DEFENSE CUTS: WILL CONGRESS MESS UP?
By Lee Smith

(FORTUNE Magazine) – Defense Secretary Richard Cheney is paid to be suspicious -- and he earns his pay. So it was a turning point when even this professional skeptic acknowledged that the Warsaw Pact's menace seemed to be at an all-time low. At his request, U.S. generals and admirals provided Cheney with a list of items they could do without if a total of $180 billion, say, had to be cut out of the budgets from 1992 through 1994. Among the proposed cuts: The Army, the most labor-intensive service, would eliminate 200,000 of its 2.3 million soldiers, civilian workers, and reservists.

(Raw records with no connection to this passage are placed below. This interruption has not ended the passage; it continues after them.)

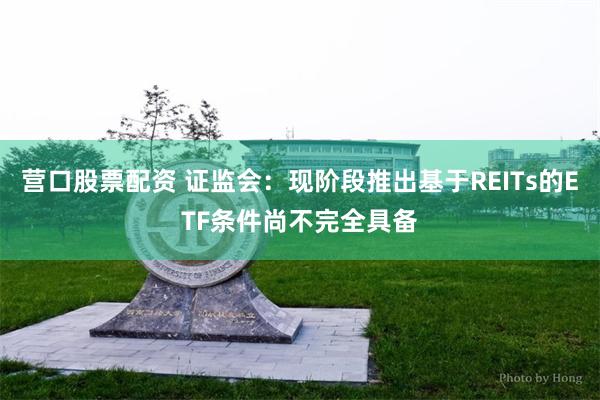 营口股票配资 证监会：现阶段推出基于REITs的ETF条件尚不完全具备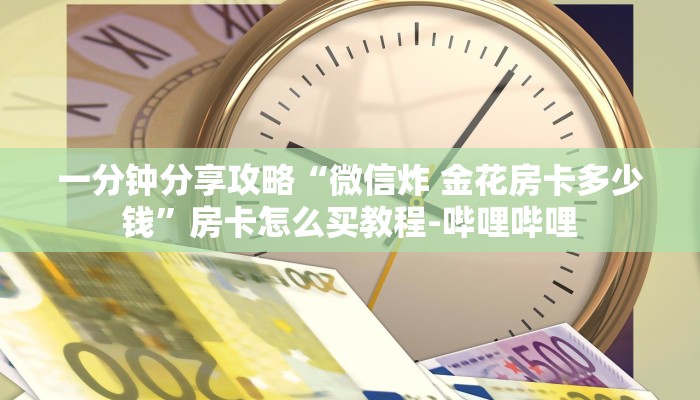 一分钟分享攻略“微信炸 金花房卡多少钱”房卡怎么买教程-哔哩哔哩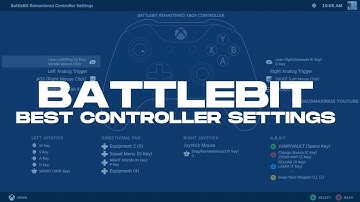 Best BattleBit Controller Layout for CONSOLE PLAYERS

It would also drop its plan for modernizing the M1 Abrams tank. Built to fight on the plains of Central Europe, the M1 is too heavy to be shipped easily to Third World countries, the 1990s' more likely battlefields. The Air Force would close 15 of its 261 bases. It also would buy only some half dozen B2 Stealth bombers -- designed to sneak into Soviet air space in a nuclear attack -- rather than an additional 124. It already has ordered eight. The Navy would retire two of its 14 deployable carrier groups, each a flotilla of up to 15 ships. The stock market reacted predictably to these proposed massive cuts in defense spending, knocking down the stock prices of a dozen defense contractors that would feel the impact. These included shipbuilder Litton Industries, B2 maker Northrop, and tank manufacturer General Dynamics. Still, when Congress looks at the defense budget it may make very different cuts. Legislators tend to sculpt a military budget that protects jobs. They demonstrated this all too well earlier this year when Cheney tried to stop production of Grumman's F14 fighter and the tilt-rotor Osprey plane made by a Boeing-Bell Industries joint venture. Congress overruled him. This time Congress might be tempted to cut costs with the least damage to employment by liquidating one or more of the five Army divisions in Europe. It's dangerously early to do so. Better to wait until President Bush, General Secretary Gorbachev, and the Europeans agree to make equalizing reductions all around.